● WHAT YOU ARE ASKED TO DO: Using the material below, write out every entry exactly.

● PROVIDED INFORMATION:
--

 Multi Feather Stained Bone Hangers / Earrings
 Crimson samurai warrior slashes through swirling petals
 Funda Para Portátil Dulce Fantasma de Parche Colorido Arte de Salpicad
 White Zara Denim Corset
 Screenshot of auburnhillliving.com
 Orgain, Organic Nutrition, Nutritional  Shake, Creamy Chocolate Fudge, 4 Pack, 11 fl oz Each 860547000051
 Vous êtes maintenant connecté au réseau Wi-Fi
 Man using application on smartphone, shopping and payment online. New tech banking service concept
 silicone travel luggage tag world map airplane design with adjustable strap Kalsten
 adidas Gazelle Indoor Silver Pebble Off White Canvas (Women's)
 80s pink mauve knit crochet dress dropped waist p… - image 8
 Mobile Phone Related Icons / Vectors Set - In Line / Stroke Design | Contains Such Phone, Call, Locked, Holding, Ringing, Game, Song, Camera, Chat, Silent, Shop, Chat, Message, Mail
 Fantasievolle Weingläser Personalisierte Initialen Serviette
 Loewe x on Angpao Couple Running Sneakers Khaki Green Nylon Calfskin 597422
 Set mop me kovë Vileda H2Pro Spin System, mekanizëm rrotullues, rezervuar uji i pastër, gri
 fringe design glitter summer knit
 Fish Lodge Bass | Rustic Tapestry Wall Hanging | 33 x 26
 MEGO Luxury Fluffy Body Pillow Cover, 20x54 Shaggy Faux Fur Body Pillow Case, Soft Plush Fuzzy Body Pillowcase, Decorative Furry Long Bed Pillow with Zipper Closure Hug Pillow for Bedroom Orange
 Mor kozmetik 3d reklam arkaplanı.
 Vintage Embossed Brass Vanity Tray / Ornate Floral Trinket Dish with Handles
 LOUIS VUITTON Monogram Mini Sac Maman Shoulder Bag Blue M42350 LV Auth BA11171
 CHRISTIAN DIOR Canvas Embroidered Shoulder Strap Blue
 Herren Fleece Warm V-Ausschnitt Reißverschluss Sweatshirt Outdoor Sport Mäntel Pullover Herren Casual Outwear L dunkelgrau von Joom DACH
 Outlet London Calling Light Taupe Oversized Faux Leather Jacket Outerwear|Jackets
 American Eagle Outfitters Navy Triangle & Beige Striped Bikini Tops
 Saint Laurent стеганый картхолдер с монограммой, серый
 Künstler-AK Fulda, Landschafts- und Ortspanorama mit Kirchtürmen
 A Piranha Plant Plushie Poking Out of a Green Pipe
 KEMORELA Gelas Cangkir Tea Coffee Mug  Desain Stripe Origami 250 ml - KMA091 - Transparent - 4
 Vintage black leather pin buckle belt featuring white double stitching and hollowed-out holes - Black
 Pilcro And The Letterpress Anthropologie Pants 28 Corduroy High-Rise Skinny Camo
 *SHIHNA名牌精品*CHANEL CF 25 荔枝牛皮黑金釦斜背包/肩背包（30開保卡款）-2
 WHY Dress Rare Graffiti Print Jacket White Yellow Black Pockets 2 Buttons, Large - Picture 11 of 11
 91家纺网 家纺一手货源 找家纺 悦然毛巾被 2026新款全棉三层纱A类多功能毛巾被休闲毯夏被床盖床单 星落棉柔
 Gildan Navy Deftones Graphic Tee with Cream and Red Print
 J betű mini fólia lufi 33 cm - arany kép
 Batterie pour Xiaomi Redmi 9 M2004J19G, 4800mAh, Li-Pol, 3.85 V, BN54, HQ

--

● EXERCISE RESPONSE:
 Multi Feather Stained Bone Hangers / Earrings
 Crimson samurai warrior slashes through swirling petals
 Funda Para Portátil Dulce Fantasma de Parche Colorido Arte de Salpicad
 White Zara Denim Corset
 Screenshot of auburnhillliving.com
 Orgain, Organic Nutrition, Nutritional  Shake, Creamy Chocolate Fudge, 4 Pack, 11 fl oz Each 860547000051
 Vous êtes maintenant connecté au réseau Wi-Fi
 Man using application on smartphone, shopping and payment online. New tech banking service concept
 silicone travel luggage tag world map airplane design with adjustable strap Kalsten
 adidas Gazelle Indoor Silver Pebble Off White Canvas (Women's)
 80s pink mauve knit crochet dress dropped waist p… - image 8
 Mobile Phone Related Icons / Vectors Set - In Line / Stroke Design | Contains Such Phone, Call, Locked, Holding, Ringing, Game, Song, Camera, Chat, Silent, Shop, Chat, Message, Mail
 Fantasievolle Weingläser Personalisierte Initialen Serviette
 Loewe x on Angpao Couple Running Sneakers Khaki Green Nylon Calfskin 597422
 Set mop me kovë Vileda H2Pro Spin System, mekanizëm rrotullues, rezervuar uji i pastër, gri
 fringe design glitter summer knit
 Fish Lodge Bass | Rustic Tapestry Wall Hanging | 33 x 26
 MEGO Luxury Fluffy Body Pillow Cover, 20x54 Shaggy Faux Fur Body Pillow Case, Soft Plush Fuzzy Body Pillowcase, Decorative Furry Long Bed Pillow with Zipper Closure Hug Pillow for Bedroom Orange
 Mor kozmetik 3d reklam arkaplanı.
 Vintage Embossed Brass Vanity Tray / Ornate Floral Trinket Dish with Handles
 LOUIS VUITTON Monogram Mini Sac Maman Shoulder Bag Blue M42350 LV Auth BA11171
 CHRISTIAN DIOR Canvas Embroidered Shoulder Strap Blue
 Herren Fleece Warm V-Ausschnitt Reißverschluss Sweatshirt Outdoor Sport Mäntel Pullover Herren Casual Outwear L dunkelgrau von Joom DACH
 Outlet London Calling Light Taupe Oversized Faux Leather Jacket Outerwear|Jackets
 American Eagle Outfitters Navy Triangle & Beige Striped Bikini Tops
 Saint Laurent стеганый картхолдер с монограммой, серый
 Künstler-AK Fulda, Landschafts- und Ortspanorama mit Kirchtürmen
 A Piranha Plant Plushie Poking Out of a Green Pipe
 KEMORELA Gelas Cangkir Tea Coffee Mug  Desain Stripe Origami 250 ml - KMA091 - Transparent - 4
 Vintage black leather pin buckle belt featuring white double stitching and hollowed-out holes - Black
 Pilcro And The Letterpress Anthropologie Pants 28 Corduroy High-Rise Skinny Camo
 *SHIHNA名牌精品*CHANEL CF 25 荔枝牛皮黑金釦斜背包/肩背包（30開保卡款）-2
 WHY Dress Rare Graffiti Print Jacket White Yellow Black Pockets 2 Buttons, Large - Picture 11 of 11
 91家纺网 家纺一手货源 找家纺 悦然毛巾被 2026新款全棉三层纱A类多功能毛巾被休闲毯夏被床盖床单 星落棉柔
 Gildan Navy Deftones Graphic Tee with Cream and Red Print
 J betű mini fólia lufi 33 cm - arany kép
 Batterie pour Xiaomi Redmi 9 M2004J19G, 4800mAh, Li-Pol, 3.85 V, BN54, HQ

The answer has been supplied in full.